Is there a tool to do automatic serialization/deserialization AND automatic schema migration (from OCaml types)?

e.g. I have some data (represented by OCaml types), that I want to persist, for example in a database or somewhere (maybe in a json format, or protobuf, or whatever). ppx_deriving_yojson, ocaml-protoc, or atdgen all give me a reasonable way to avoid writing the serialization/deserialization code by hand. Awesome!
However, I expect that I’ll want to change the types as development goes on (it’s inevitable), and I’d love to avoid hand-writing migration scripts for that – it seems like most of that should be automatable. e.g. if a tool was given “previous type definition” and “current type definition”, and maybe some hints about default values, it should be able to generate 80% of the code involved.

Has anyone done this? I couldn’t find anything about ppx_deriving(yojson), ocaml-protoc, or atdgen handling schema migration.
Is this a bad/unreasonable thing to want in the first place?

5 Likes

I think this part of atdgen documentation covers most of what you have to do

https://atd.readthedocs.io/en/latest/tutorial.html#smooth-protocol-upgrades

It looks to me like schema evolution is still a manual business for OCaml programmers, using atgen or any of the various ppx-based serialization methods, and there is nothing available at all for OCaml programmers to perform automatic schema migration.

This is my sad face: :slightly_frowning_face: I’d love to discover differently. It’s a problem I think about a lot when I consider the difficulty evangelizing the adoption of OCaml in professional settings.


:frowning:

The json format lets you add optional fields to records, so that’s generally the main property you rely on to avoid costly migrations. Also, use records generously and avoid tuples, so you can add or remove fields later; occasionally, it’s wise to create single-field records.

Now, in terms of migration between two incompatible types, what kind of tooling would you expect? Do you have a specific example?

Can you give examples of tools that you like in other ecosystems?

Personally, I just design my data structures and APIs such that no migration will be necessary. This has been working well in a startup context, where I’m in charge and features become unused before they need to be redesigned. I’m aware this is not typical.

1 Like

I have started to design a tool for F# in that space.
From my understanding your requirements are hard (or may I say impossible) to implement.

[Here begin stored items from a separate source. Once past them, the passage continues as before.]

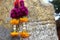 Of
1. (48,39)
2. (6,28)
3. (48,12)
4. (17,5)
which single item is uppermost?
(17,5)

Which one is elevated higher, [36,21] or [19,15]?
[19,15]

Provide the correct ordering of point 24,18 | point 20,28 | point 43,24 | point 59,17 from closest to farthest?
1. point 24,18
2. point 20,28
3. point 43,24
4. point 59,17

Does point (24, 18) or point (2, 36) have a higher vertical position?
point (24, 18)

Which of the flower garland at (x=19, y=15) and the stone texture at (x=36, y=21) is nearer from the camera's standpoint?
the flower garland at (x=19, y=15)

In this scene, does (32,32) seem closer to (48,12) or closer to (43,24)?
(43,24)

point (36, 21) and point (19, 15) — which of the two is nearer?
point (19, 15)

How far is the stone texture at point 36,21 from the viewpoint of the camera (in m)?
1.78

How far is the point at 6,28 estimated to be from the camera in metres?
1.79

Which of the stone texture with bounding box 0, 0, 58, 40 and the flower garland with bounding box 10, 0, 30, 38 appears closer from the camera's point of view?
the flower garland with bounding box 10, 0, 30, 38

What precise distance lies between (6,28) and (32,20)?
0.82 ft

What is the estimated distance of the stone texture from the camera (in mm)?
1784

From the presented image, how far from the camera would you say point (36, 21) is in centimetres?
183

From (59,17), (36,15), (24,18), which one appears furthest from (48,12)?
(59,17)

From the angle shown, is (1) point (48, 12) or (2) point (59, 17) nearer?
(1) point (48, 12) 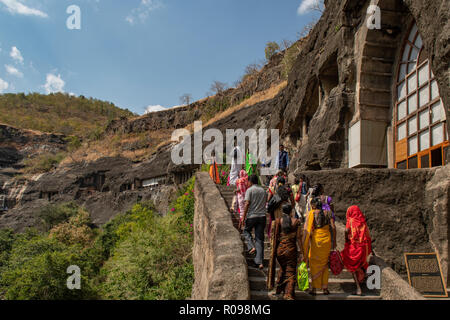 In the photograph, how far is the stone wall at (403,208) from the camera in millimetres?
5832

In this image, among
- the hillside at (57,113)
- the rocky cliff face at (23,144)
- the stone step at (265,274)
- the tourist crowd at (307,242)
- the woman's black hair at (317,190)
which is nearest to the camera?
the tourist crowd at (307,242)

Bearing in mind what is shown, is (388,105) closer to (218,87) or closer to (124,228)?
(124,228)

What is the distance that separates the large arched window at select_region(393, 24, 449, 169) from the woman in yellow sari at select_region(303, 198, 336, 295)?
4.86 metres

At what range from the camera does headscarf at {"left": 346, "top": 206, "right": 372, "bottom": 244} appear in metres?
5.15

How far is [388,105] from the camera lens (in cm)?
1063

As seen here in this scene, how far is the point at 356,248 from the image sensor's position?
5082mm

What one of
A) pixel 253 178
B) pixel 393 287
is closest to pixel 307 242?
pixel 393 287

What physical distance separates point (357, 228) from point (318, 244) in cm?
79

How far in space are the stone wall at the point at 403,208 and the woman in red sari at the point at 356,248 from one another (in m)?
1.38

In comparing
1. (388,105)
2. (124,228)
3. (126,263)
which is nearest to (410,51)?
(388,105)

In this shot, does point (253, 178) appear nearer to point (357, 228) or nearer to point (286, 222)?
point (286, 222)

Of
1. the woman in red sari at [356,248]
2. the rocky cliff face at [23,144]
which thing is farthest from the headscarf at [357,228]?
the rocky cliff face at [23,144]

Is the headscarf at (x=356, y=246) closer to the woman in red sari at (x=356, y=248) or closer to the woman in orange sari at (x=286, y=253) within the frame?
the woman in red sari at (x=356, y=248) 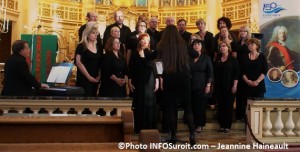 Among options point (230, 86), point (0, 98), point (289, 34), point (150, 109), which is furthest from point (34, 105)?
point (289, 34)

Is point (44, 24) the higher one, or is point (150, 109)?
point (44, 24)

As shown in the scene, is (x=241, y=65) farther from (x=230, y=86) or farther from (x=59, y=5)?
(x=59, y=5)

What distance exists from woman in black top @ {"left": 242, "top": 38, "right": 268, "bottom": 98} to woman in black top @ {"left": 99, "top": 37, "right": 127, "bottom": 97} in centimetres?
179

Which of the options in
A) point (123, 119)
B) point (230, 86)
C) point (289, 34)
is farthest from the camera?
point (289, 34)

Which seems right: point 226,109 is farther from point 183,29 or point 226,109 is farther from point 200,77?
point 183,29

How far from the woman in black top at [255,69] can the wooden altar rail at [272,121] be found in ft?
2.31

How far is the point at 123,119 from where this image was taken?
269 centimetres

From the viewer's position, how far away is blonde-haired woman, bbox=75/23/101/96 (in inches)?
207

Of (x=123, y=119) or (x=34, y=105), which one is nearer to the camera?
(x=123, y=119)

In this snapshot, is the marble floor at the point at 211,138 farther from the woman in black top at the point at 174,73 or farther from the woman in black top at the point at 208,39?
the woman in black top at the point at 208,39

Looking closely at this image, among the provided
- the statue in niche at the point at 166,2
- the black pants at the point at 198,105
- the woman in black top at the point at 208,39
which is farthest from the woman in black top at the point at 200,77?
the statue in niche at the point at 166,2

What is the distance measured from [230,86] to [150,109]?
128 cm

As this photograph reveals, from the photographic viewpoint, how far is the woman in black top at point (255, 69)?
5809 millimetres

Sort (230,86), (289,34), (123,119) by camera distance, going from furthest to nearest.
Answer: (289,34)
(230,86)
(123,119) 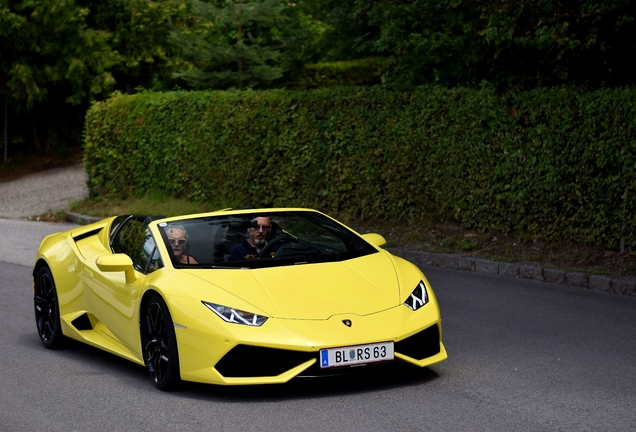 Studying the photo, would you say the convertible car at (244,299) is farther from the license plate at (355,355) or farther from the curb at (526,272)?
the curb at (526,272)

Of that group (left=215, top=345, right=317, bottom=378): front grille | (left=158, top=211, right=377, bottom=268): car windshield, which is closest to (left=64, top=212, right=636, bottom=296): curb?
(left=158, top=211, right=377, bottom=268): car windshield

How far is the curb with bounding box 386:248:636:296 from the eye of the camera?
39.1 feet

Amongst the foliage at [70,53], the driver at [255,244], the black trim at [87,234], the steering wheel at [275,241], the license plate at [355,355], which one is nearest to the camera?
the license plate at [355,355]

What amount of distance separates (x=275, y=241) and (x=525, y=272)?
5832 millimetres

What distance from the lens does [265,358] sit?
6574mm

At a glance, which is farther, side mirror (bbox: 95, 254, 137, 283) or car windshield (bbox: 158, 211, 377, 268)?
car windshield (bbox: 158, 211, 377, 268)

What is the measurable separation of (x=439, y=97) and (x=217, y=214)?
326 inches

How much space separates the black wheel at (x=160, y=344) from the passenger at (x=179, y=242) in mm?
471

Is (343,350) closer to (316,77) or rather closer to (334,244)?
(334,244)

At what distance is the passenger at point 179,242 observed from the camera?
7625 millimetres

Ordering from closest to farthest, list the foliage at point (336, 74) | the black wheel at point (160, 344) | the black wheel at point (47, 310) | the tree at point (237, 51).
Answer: the black wheel at point (160, 344), the black wheel at point (47, 310), the tree at point (237, 51), the foliage at point (336, 74)

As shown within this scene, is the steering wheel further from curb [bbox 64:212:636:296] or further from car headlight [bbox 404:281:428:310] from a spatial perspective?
curb [bbox 64:212:636:296]

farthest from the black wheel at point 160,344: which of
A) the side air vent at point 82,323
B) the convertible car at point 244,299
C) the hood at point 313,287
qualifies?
the side air vent at point 82,323

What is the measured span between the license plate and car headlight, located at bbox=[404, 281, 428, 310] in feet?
1.63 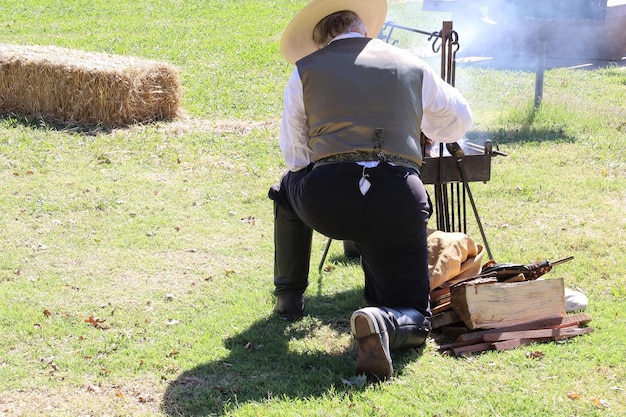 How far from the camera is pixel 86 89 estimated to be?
9.23 m

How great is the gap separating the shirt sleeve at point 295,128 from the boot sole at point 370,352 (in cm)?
88

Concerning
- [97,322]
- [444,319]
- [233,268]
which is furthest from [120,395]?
[233,268]

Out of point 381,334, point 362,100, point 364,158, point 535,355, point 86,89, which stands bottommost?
point 535,355

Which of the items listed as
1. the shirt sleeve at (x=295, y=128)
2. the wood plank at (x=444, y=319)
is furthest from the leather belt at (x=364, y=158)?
the wood plank at (x=444, y=319)

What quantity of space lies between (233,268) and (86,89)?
4616mm

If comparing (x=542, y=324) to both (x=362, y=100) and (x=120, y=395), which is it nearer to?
(x=362, y=100)

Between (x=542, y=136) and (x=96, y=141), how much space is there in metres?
4.87

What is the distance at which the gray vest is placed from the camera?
372 cm

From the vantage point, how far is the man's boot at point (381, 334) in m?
3.66

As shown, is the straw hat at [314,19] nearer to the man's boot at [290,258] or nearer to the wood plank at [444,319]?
the man's boot at [290,258]

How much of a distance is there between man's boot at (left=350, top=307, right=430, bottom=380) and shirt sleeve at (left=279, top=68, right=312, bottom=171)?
0.85 metres

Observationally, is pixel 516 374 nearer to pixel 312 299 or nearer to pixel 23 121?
pixel 312 299

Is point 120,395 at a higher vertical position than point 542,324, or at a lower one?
lower

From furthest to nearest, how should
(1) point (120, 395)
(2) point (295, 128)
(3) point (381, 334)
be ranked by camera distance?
(2) point (295, 128), (1) point (120, 395), (3) point (381, 334) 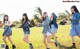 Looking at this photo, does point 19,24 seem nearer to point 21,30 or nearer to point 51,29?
point 21,30

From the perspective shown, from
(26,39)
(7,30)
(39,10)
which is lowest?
(26,39)

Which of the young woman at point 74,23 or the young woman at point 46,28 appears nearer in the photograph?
the young woman at point 74,23

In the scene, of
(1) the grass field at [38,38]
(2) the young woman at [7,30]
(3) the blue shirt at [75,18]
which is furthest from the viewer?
(2) the young woman at [7,30]

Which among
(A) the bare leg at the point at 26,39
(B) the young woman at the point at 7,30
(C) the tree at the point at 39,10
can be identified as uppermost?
(C) the tree at the point at 39,10

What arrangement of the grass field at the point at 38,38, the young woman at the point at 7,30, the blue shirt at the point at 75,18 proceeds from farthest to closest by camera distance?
the young woman at the point at 7,30
the grass field at the point at 38,38
the blue shirt at the point at 75,18

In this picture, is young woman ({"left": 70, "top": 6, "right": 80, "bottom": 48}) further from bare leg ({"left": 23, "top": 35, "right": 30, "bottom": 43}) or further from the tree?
bare leg ({"left": 23, "top": 35, "right": 30, "bottom": 43})

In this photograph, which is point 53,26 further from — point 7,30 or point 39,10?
point 7,30

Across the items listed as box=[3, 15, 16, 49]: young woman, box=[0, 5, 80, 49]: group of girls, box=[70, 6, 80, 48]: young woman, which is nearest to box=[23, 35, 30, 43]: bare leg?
box=[0, 5, 80, 49]: group of girls

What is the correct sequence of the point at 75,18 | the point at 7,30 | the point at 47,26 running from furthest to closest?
the point at 7,30 < the point at 47,26 < the point at 75,18

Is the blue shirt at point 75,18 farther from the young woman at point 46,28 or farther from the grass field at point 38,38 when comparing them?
the young woman at point 46,28

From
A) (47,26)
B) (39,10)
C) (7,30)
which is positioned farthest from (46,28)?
(7,30)

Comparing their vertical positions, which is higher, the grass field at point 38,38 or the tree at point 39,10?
the tree at point 39,10

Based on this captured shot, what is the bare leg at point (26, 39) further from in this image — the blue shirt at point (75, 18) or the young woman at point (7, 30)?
the blue shirt at point (75, 18)

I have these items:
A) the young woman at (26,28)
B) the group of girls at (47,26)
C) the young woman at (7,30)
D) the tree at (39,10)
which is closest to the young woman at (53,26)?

There are at least 4 basic actions that you could act out upon your type and hence your JSON

  • Add new property
  • Drop existing property

Now these are easy. The next ones are much harder

  • Move property
    • within Doc (eg Doc/some/path/to/prop => Doc/some/other/path/to/renamed_prop)
    • outside Doc (eg Doc/some/path/to/prop => OtherDoc/completely/diff/pathto/renamed_prop)

now this again rather trivial but it isn’t as the movement may also include transformations

  • Transformations
    • Simply type transforms string => number and number => string. But that isn’t so simple either cause the transformation might not be safe (eg parseInt: string -> option<int>) so you might also need to define default values in case your transformation fails or you define it as an Option type
    • splitting transformations: Where one property is split up into n different types. I have an instance where I have a biz related property that is akin to ${process_id}-${incremental_counter} which needs a transformator like string -> GUID * IncrementalCounter and then move comand that moves one part into one part and the other into another part
    • Cardinality-Transformations: where you have to move multiple previously stand alone properties into a list or the reverse.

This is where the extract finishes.